The action is fast, the plot intricate. Deneuve and her real-life sister Francoise Dorleac play twin sisters in a sunny seaside town who long for life and love in the big city.
The formidable Danielle Darrieux plays the unapologetically single mom who raised the pair and now runs a little cafe in Rochefort's main square. There, the large passing cast includes Jacques Perrin as a young sailor pining for the perfect woman, Michel Piccoli as an older musician looking for a long-lost lover and Kelly as his American friend. Add George Chakiris and Grover Dale as a pair of dancing truck drivers with a traveling carnival, and the stage is set for a weekend none of them will ever forget.

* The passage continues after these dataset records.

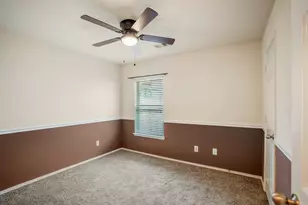 14543 Dakota Bend Dr, Cypress, TX 77429 - Photo 32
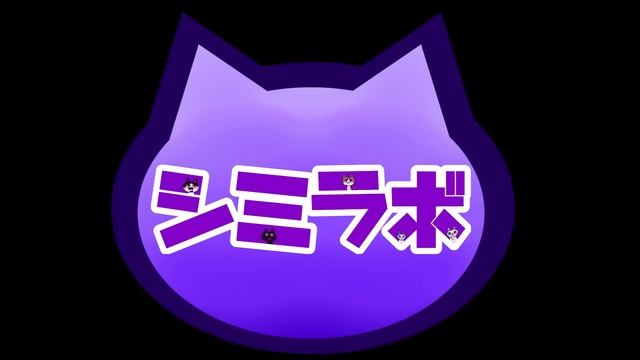 【格安 VS 高級】激安マザーでi9は使える？高級マザーで性能が変わる？性能や温度を徹底テスト смотреть онлайн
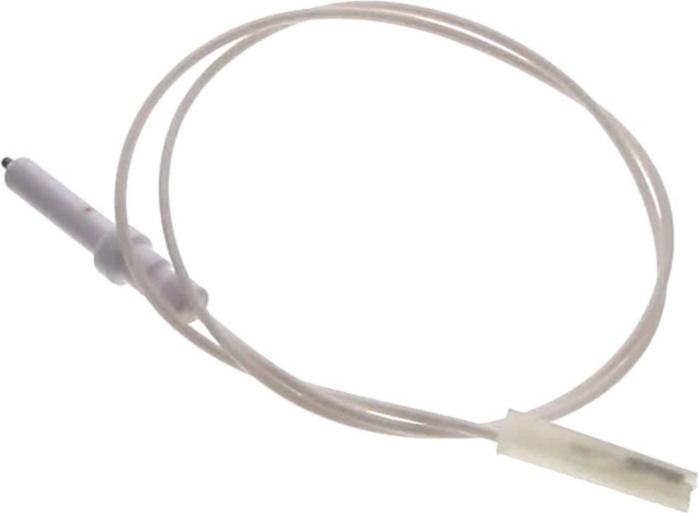 BOUGIE Cuisinière 900mm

It is easy to love Demy's Young Girls
on its own terms. But it grows more lovable in the light of the Hollywood musicals the director celebrates. The prologue begins in stillness, with a crane shot of carnival workers on a ferry about to dock in Rochefort. Suddenly, inevitably, they break into dance. It is much like the beginning of Jerome Robbins' West Side Story
- and the association is easy to make, given that Demy's lead dancer is Chakiris, who'd won an Oscar for West Side Story
five years earlier. The same goes for Demy's affectionate references to On the Town
, An American in Paris
and Singin' in the Rain
, with Kelly recalling the spirit of his own early hits and proving that his powerful screen presence was undiminished in the Indian summer of his career.
The popular Twins' Song
, which has achieved cult status in France - and has earned the undying devotion of Parisian drag queens - has Deneuve and Dorleac in their first scene together recalling another pair of movie sisters: Judy Garland and Lucille Bremer in Meet Me in St. Louis
- down to the girls wearing identical outfits in contrasting primary colors. Later comes a surprise, as the sisters sing Legrand's Chantez l'amour!/ dansez la joie
! By the time Demy's twin bombshells reach their flamboyant, glittery carnival number, their channeling of Marilyn Monroe and Jane Russell in Gentlemen Prefer Blondes
becomes a classic in itself.
And so with the whole picture. The exuberant choreography by Norman Maen (an onscreen credit but also an insider's tribute to A Star Is Born
and its anti-hero, named Norman Maine) not only fills every available inch of the extremely wide screen but also, for all its clever quotations, comes up with movement that carries its own dreamlike logic.
The subject of Demy's original script may be soaked in familiar MGM and Fox musical lore, but the actual lyrics, which Demy also wrote, consist mostly of very French alexandrines. These rhymed hexameters make for fine syncopation when set to music by Legrand.
Demy died in 1990, and his finest picture now has been lovingly restored by Agnes Varda, his widow, who has a brief cameo in Young Girls
as a music-loving nun. Young Girls
stands alone from Demy's other films as a gift of optimism, tenderness and hope. It is, quite simply, one of the most beautiful films of all time.
- Octavio Roca, San Francisco Chronicle, 18 September 1998.